Upon resumption from the safety car, Rosberg took off into the distance, never to be caught. It looked like Hamilton might have been able to catch him on pit stops but keeping him out for one extra lap on old tyres and Lewis crossing the pit-out line for a five second penalty secured the race for Rosberg. Hamilton is probably lucky to have finished 2nd if it wasn’t for a wheel nut problem on Sebastian Vettel’s pit stop which removed all pressure from behind the championship leader.
The win was Rosberg’s third win of the year and third in the last four Grands Prix. Hamilton finished 2nd which saw his Championship lead drop to ten points over his teammate. Felipe Massa rounded out the podium in 3rd which marks his best finish of the year and Williams’ second-consecutive podium.
Sebastian Vettel should have finished in the top three but that failed pit stop dropped him to 4th by the finish. Valtteri Bottas crossed the line in 5th which gives him his 5th top five in seven finishes. Nico Hulkenberg converted his 5th place start into a 6th place finish. Pastor Maldonado scored his second-straight 7th place finish as part of what I can only assume is a deal with Satan. Max Verstappen finished 8th despite Maldonado nearly murdering him. Sergio Perez finished 9th. And Daniel Ricciardo showed that RBR still has a lot to do by rounding out the points.
While most teams are looking at revisions to their aerodynamics at this stage of the season, Ferrari is thinking about wheel nuts.
That description sounds a bit unfair but examining wheel nuts is the priority of team boss Maurizio Arrivabene after Vettel was cost a podium after a delay on the right-rear wheel during his pit stop.
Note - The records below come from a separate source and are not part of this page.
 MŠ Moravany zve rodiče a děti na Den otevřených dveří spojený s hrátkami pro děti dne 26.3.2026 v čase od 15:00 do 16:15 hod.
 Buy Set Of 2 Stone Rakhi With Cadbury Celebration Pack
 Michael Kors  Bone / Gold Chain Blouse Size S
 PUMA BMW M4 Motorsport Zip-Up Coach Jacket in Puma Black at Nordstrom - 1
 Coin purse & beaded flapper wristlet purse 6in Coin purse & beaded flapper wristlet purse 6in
After the race, Arrivabene told the press that the team “threw away one more time for a stupid piece that we need to fix as soon as possible.” So while many teams are focusing on new aerodynamic parts for the second half of the season, Ferrari will be focusing on new wheel nuts.
Interestingly, in his post race notebook, Ted Kravitz said that the issue with the Ferrari wheelnut is cross-threading which is preventing it from being properly tightened in pit stops. That is what caused the pit stop problem here, Australia and Bahrain.
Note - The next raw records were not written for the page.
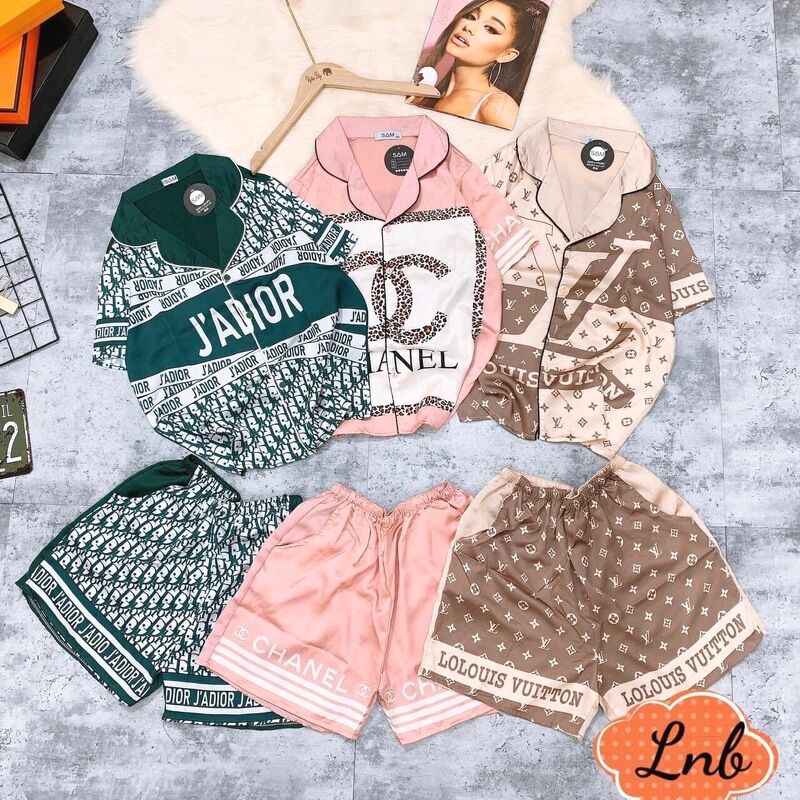 Bộ pizama lụa cộc họa tiết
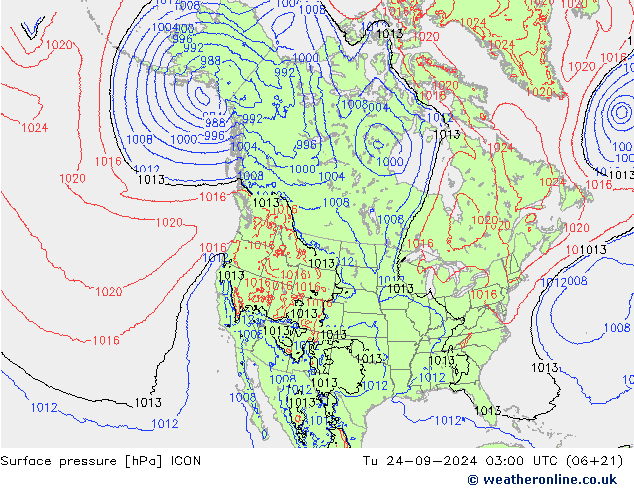 Surface pressure ICON Tu 24.09.2024 03 UTC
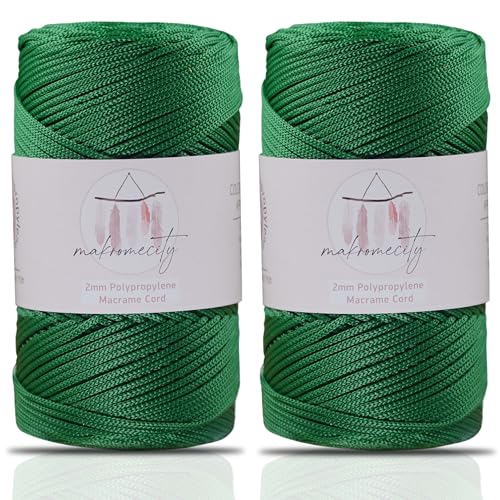 Makromecity 2 Strang Makramee Garn 2mm x 230m Premium Polyester Macrame Cord Polypropylene Yarn für Handwerk Wohndekorationen Platzteller Umhängetasche Handtasche Runner Schnullerkette 20 Farbe von Makromecity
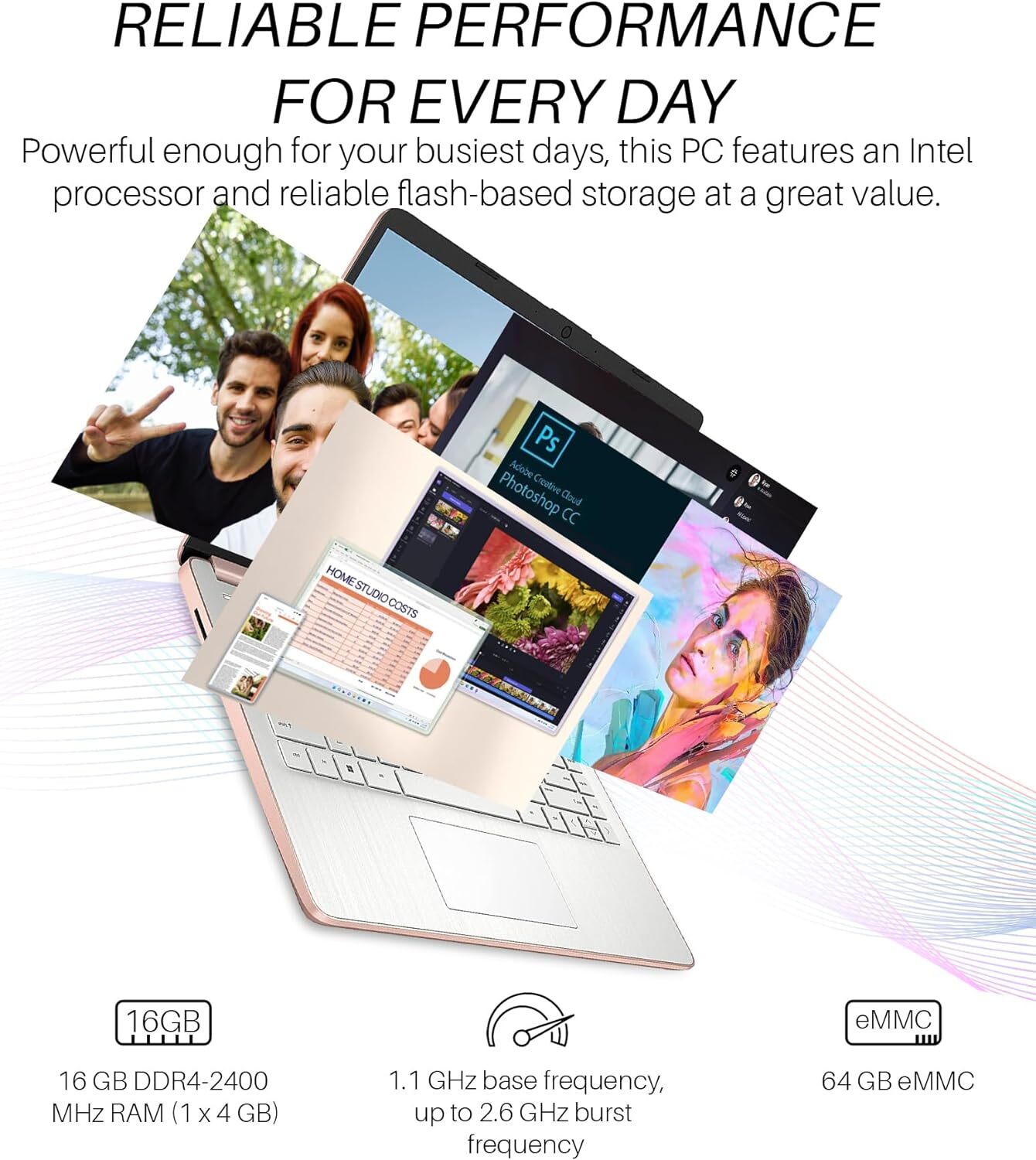 New HP Laptop 14″ HD Intel Celeron N4120 16GB RAM, 320GB Storage Windows 11 S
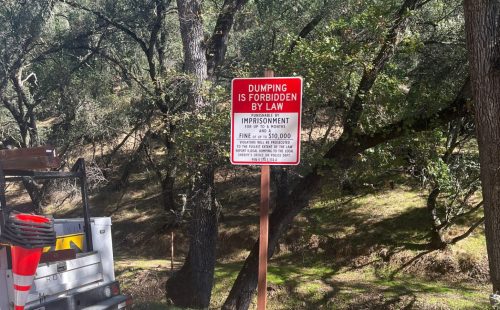 Illegal dumping signage put up around Calaveras County—CCPW photo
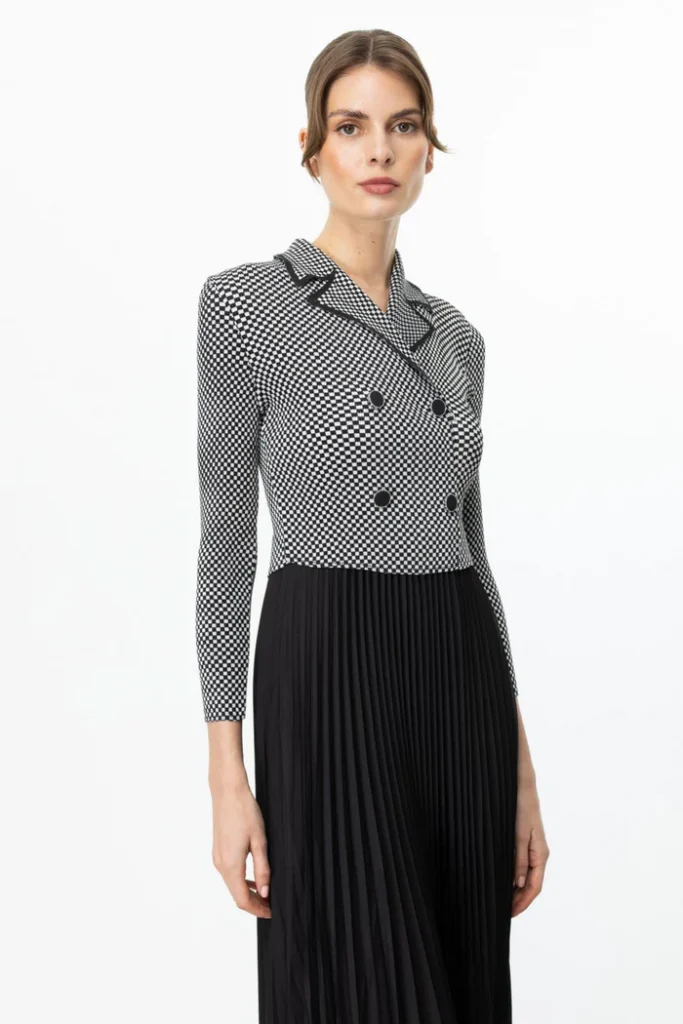 EKOL Süs Düğmeli Piliseli Midi Elbise 5986 - Siyah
When I went to my first NASCAR race in 2009, my dad was more interested in the pit stops. He was chatting with one of the crew members on one of the Chevy teams (I think it might have been the #1 or #01 Nationwide Series team) about their tyre changes. He said that the wheel nuts were made of a softer metal than the studs the wheel is bolted on to. That allows them to tighten the wheels without risking cross-threading.
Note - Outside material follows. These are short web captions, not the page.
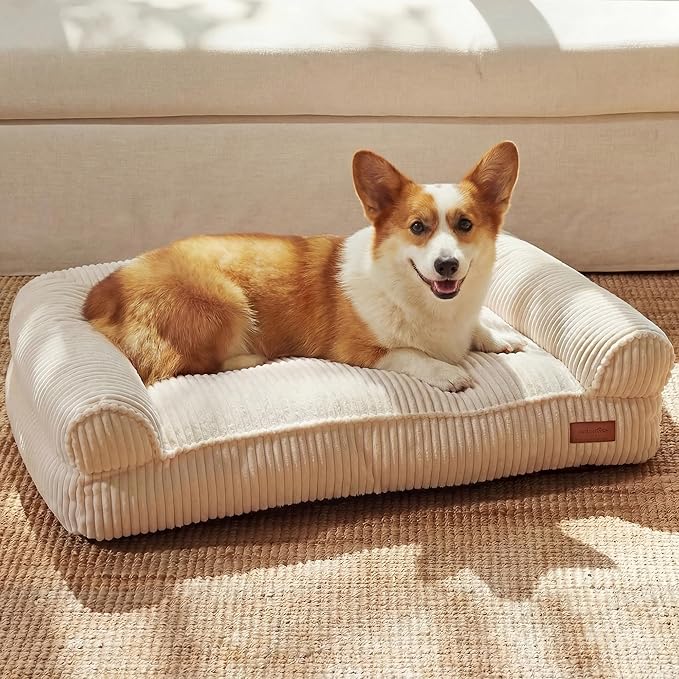 FUKUMARU Cute Dog Bed, Thickened Orthopedic Dogs Couch, 36in Egg Crate Foam Pet Sofa for Medium to Large Dogs, Waterproof Warm Corduroy Pet Bed with Washable Cover, Cream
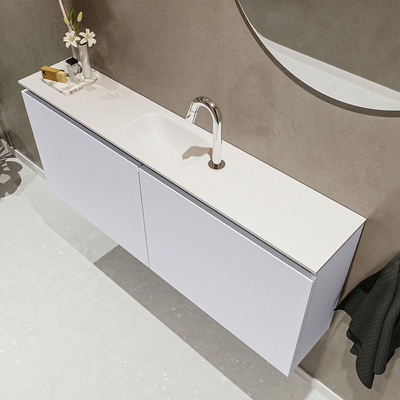 MONDIAZ TURE Toiletmeubel 120x23x50cm met 1 kraangaten 2 deuren cale mat Wastafel Eden midden Solid Surface Wit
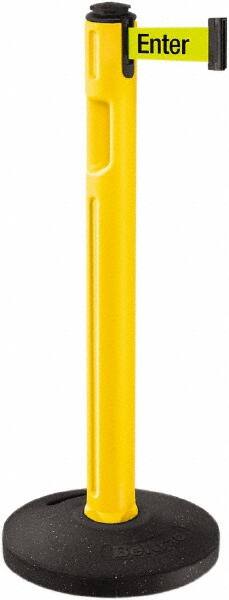 Lavi Industries - 38-1/4" High, 3-1/4" Pole Diam, Stanchion - 16" Base Diam, Dome Recycled Rubber Base, Yellow Plastic Post, 12' x 2" Tape, Single Line Tape, For Outdoor Use - Exact Tooling
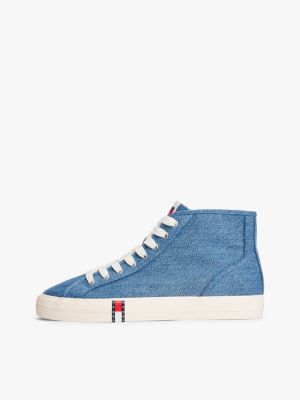 blue archive denim flag stripe mid-top trainers for women tommy jeans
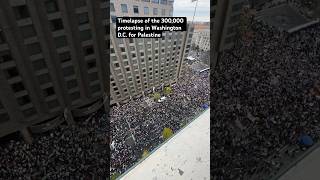 Timelapse of 300000 people marching in Washington DC to condemn Biden for blocking a ceasefire [upl. by Isobel14]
While I’m sure the answer is one wheel nut versus five, how can NASCAR come up with such a simple solution while Formula One can’t? If a sport that didn’t use fuel injection until 2012 can figure out pit stops better than the most expensive form of motorsport on the plan, there’s something wrong with that picture.
Speaking of Ferrari, their new boss has made an interesting offer to Red Bull.
While the Austrian team has threatened to quit the sport because they are struggling massively under the current regulations, Ferrari’s Sergio Marchionne has offered Red Bull Racing a bit of a bailout. The Ferrari boss has offered to supply Red Bull with engines in place of Renault. That would certainly be a step up for the team considering how the Renault engines are working now.
The biggest problem for Red Bull would be the engine contract with Renault that runs through 2016. I’m sure they can buy the contract out because winning is probably worth more than buying millions of dollars worth of engines and ERS units that won’t win them Grands Prix. I’m sure Renault wouldn’t mind he extra cash either. They can use that to buy their factory team.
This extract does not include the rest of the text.